Their armament was to be four 12.7 cm quick firing guns, with 720 rounds of ammunition, and a range of 17.4 km; eight 3.7 cm anti-aircraft guns, with 16,000 rounds; twelve 2 cm anti-aircraft guns, with 24,000 rounds of ammunition; two triple 53.3 cm torpedo tubes, with 18 rounds of ammunition; and 50 mines.

Their propulsion was made up of six MAN type 12Z32/34, 24-cylinder (in a 2 × 12 configuration), two-stroke, 'V'-form diesel engines, which had a 320-millimeter (13 in) bore, a 440 mm (17 in) stroke motor, and were made of welded steel, which were placed on three shafts of unknown diameter. The two outer shafts were directly connected to one 5,620 shp diesel engine. The central shaft connected to four diesel engines, with each central engine producing 11,650 shp. Their planned electricity plant is unknown. This setup was designed to give a total output of 57,000 hp-electric or 57,120 BHP, giving them a top speed of 36 kn. They were to carry 533 t of diesel fuel, to give them a range of 5,500 nmi at 19 kn.

==Construction and loss==
Z51 was ordered from the German shipyard company Deschimag on 25 November 1942, and launched on 2 October 1944. She was sunk during a major air raid on Bremen, on 21 March 1945. She had just been moved away from a fitting-out quay at the Deschimag yard, although largely incomplete: she had only her forward and after shelter decks, no machinery was installed and her shaft tunnels had been welded up to make them watertight. From this, it has been suggested that her launch was done only to clear the slip for U-boat building. She was lying abandoned, with her portside to the eastern end of Kohlenhafen, alongside Röchling wharf.

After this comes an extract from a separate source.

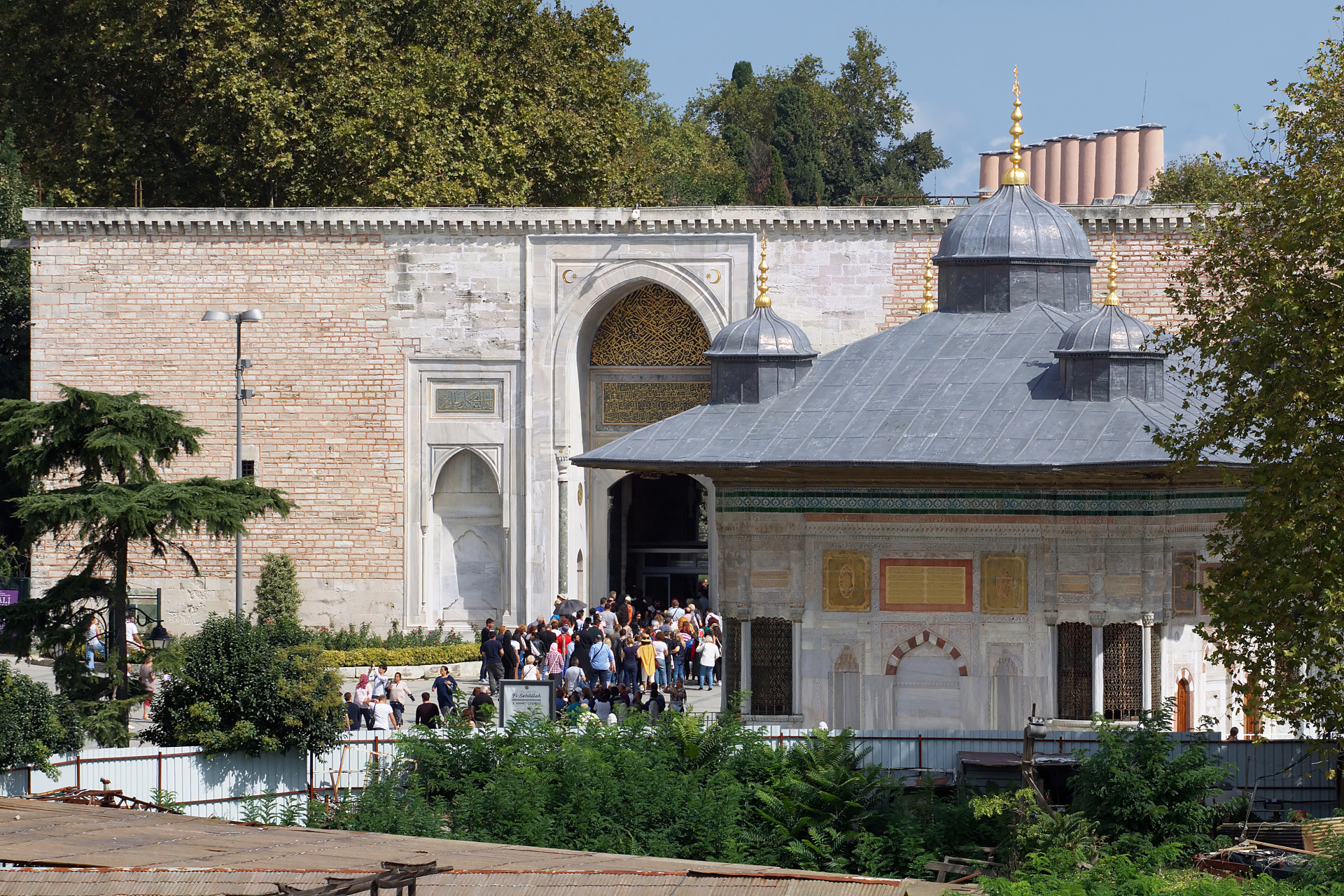 Brama Imperialna Pałacu Topkapi i Fontanna Sułtana Ahmeda III (Podróże » Stambuł)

During the air raid, she was hit by two bombs, although one may not have hit her directly; one struck the vicinity of the bulkhead between compartments X1 and X11, breaking off the fore-end just behind her No. 2 gun pivot. A later bomb hit her aft, fracturing the stern aft of her No. 4 gun position and causing her quarterdecks to hang at an angle. At this point, numerous holes and cracks had formed in the hull, causing her to flood with water and sink to the bottom. Later on, a crane from the nearby dockyard fell across her deck, above her after motor room. After the war, on 21 January 1948, the Weser Port Salvage Authorities called for tenders to assist in her breaking up. A number of quotations were given, ranging from 130,000 to 200,000 RM (Reichsmark), and from four to 13 months' duration. Eventually, a contract was placed on 17 February 1948, with Deutsches Dampfschiffahrts Hansa, for 132,000 RM and eight months of work. Her breaking up was finished in February 1949. Her four diesel engines were never installed due to the war and were left on MAN's testbeds in Augsburg. Two were later seized by the Allies during the postwar occupation of Germany. One surviving engine was retained by MAN and displayed in its company museum until it was transferred to the Auto & Technik Museum in Sinsheim in 1982.